### Your task
Leave out all images and set down the records exactly as given.
START Data for the task
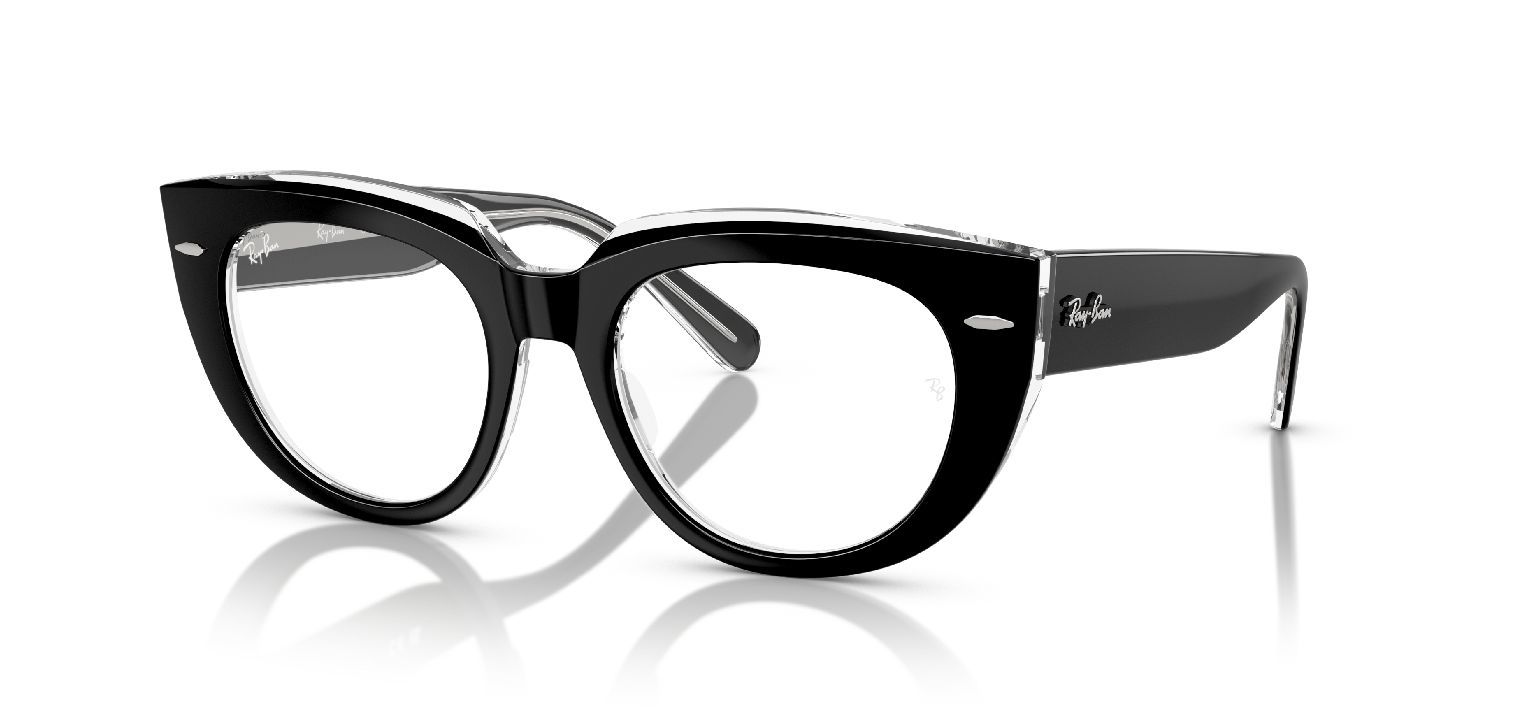 Lunettes de vue Ray-Ban Carré 0RX5586 Noir pour Femme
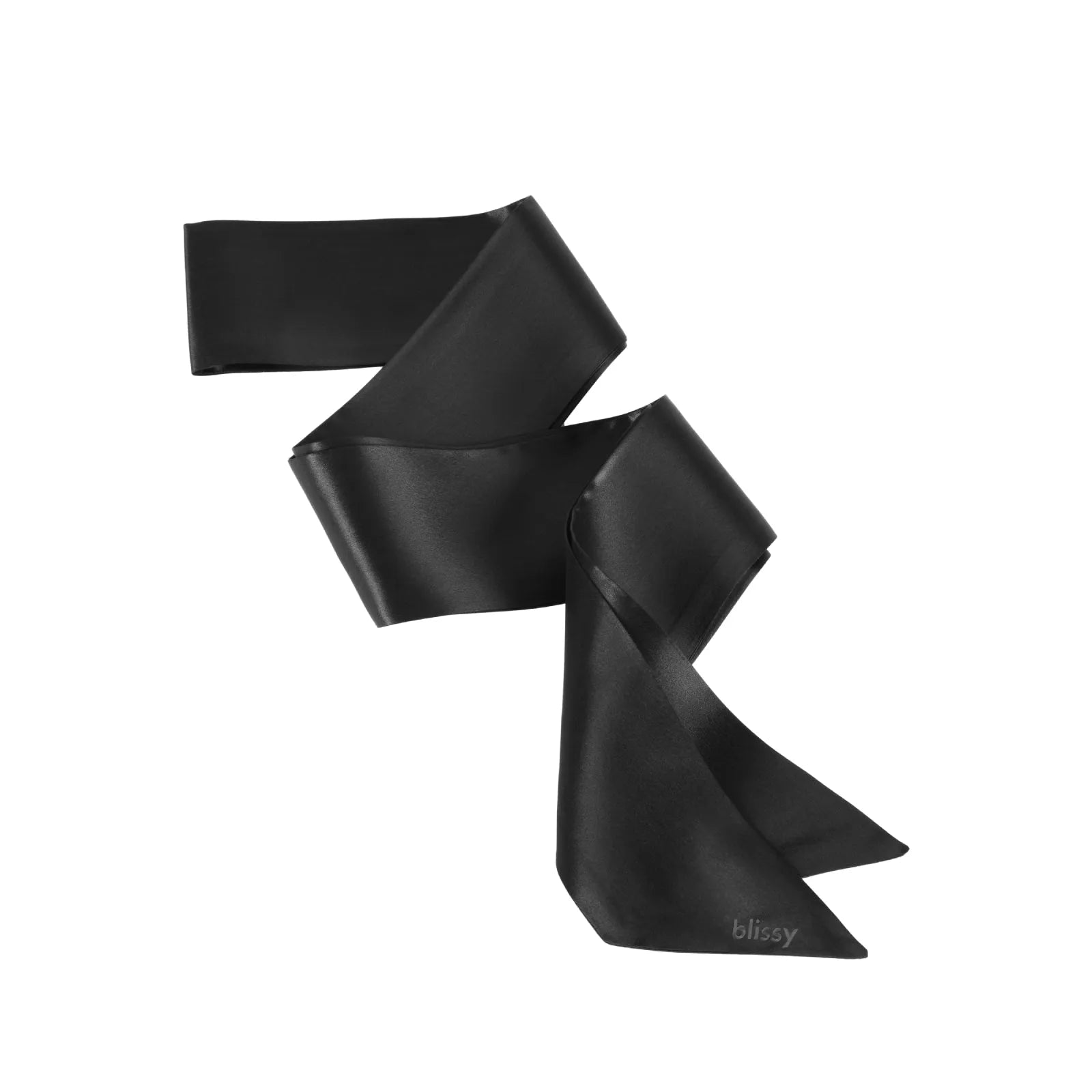 Blissy Hair Ribbon in Black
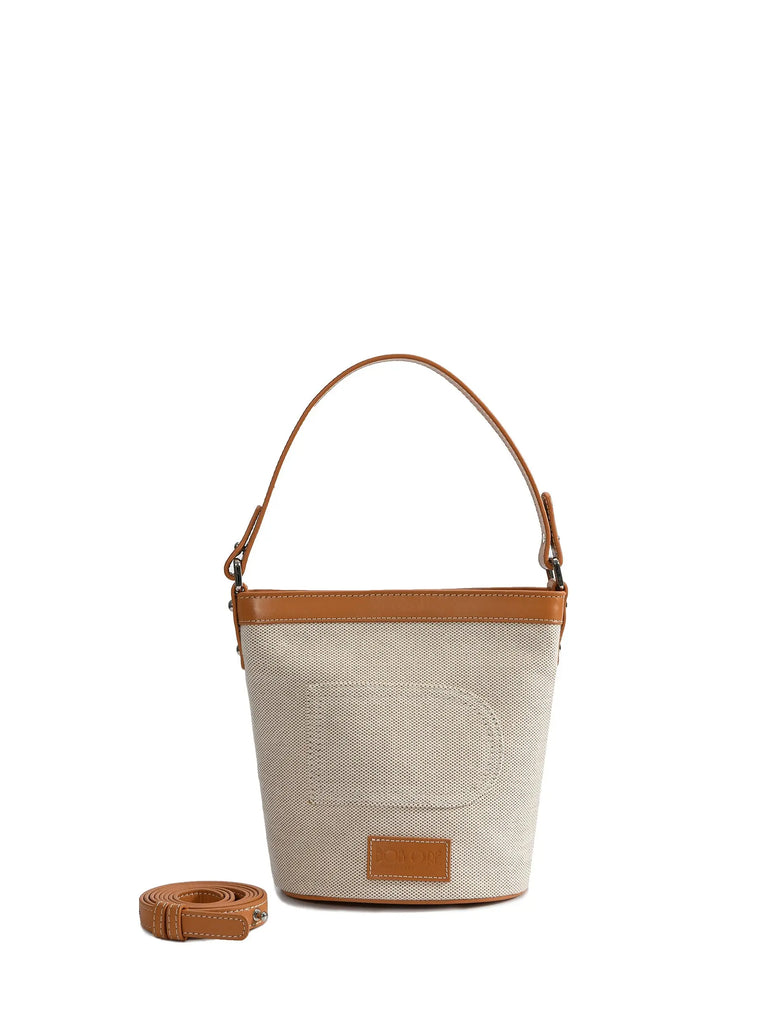 Dorothy Middle Size Bucket Bag, White by Bob Oré BOB ORE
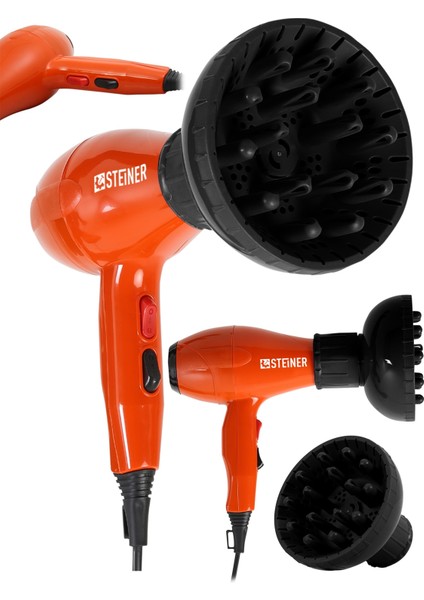 Güçlü 3600W Profesyonel Saç Kurutma Makinesi Seti, Difüzör ve Başlıklar modelleri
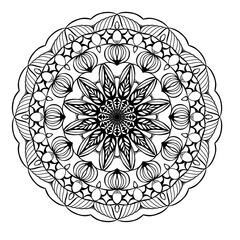 Mandala Pattern Art for Coloring Book 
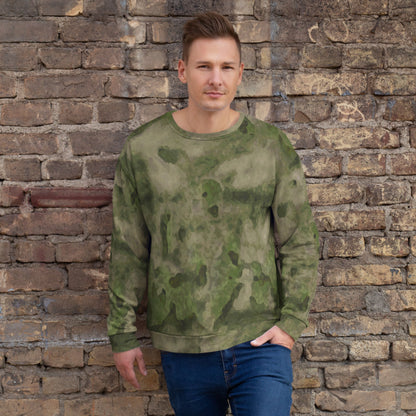 Russian Ataka FG (Green Moss) CAMO Unisex Sweatshirt - 2XS
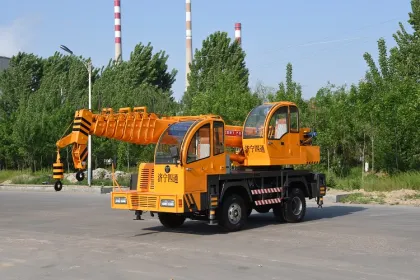 10 ton mobile crane boom crane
END Data for the task
### Completed task
 Lunettes de vue Ray-Ban Carré 0RX5586 Noir pour Femme
 Blissy Hair Ribbon in Black
 Dorothy Middle Size Bucket Bag, White by Bob Oré BOB ORE
 Güçlü 3600W Profesyonel Saç Kurutma Makinesi Seti, Difüzör ve Başlıklar modelleri
 Mandala Pattern Art for Coloring Book 
 Russian Ataka FG (Green Moss) CAMO Unisex Sweatshirt - 2XS
 10 ton mobile crane boom crane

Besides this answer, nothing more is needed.